I asked him to wait so I could take a couple pictures and he kindly obliged. Such a little boy next to that big school full of education, new experiences and opportunities, and new friends!
It takes my breath away a bit, that my middle is going to school.
But look at him, my sweet sweet boy. He was so ready for this, to do something on his own, for the spotlight to be on him. He was so proud. He hung his backpack in his locker, I reminded him again that I'd be back to pick him up when school was over, and he started walking away from me saying, "Okay, I'll just play with my new friends then." And he was gone. No kiss, no tears, no questions, just freedom. Complete opposite of his big brother's first day of 3 year old preschool (I had to rip myself out of his arms as he cried for me to stay with him). I walked out of that classroom with proud tears streaming down my face. It is a conflicting feeling, to be so proud of your baby and at the same time have so much fear for him, of all the terrible things that could happen to him. But he's growing up, he's independent, and he's loving it.

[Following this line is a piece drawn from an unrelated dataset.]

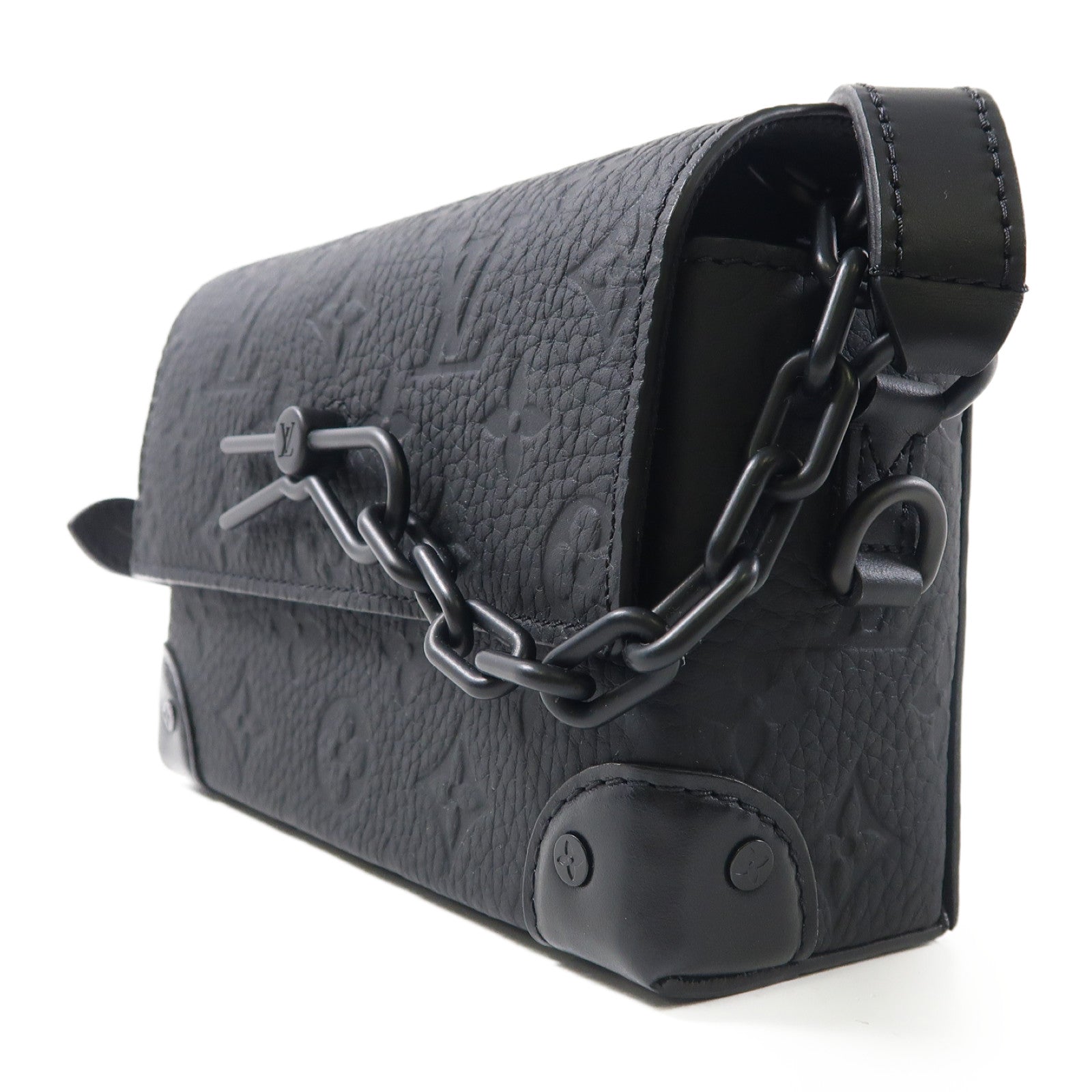 LOUIS VUITTON Taurillon Leather Steamer Wearable Wallet肩背袋黑色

When I picked him up and asked him a million questions about his day, he didn't get mad at me like Hudson often does, but he couldn't answer a single thing..."Did you go to gym?"- I don't know. "Did you have snack?" I don't know. "What are your friends' names?"- I don't know. "Did you tell your teacher you were Hudson's brother?" -Yea. No. Well, I think so. "What is this picture you made?" -I don't know. "Do you want to go back to school again?" -YES!!!!!!!! Alright, good enough.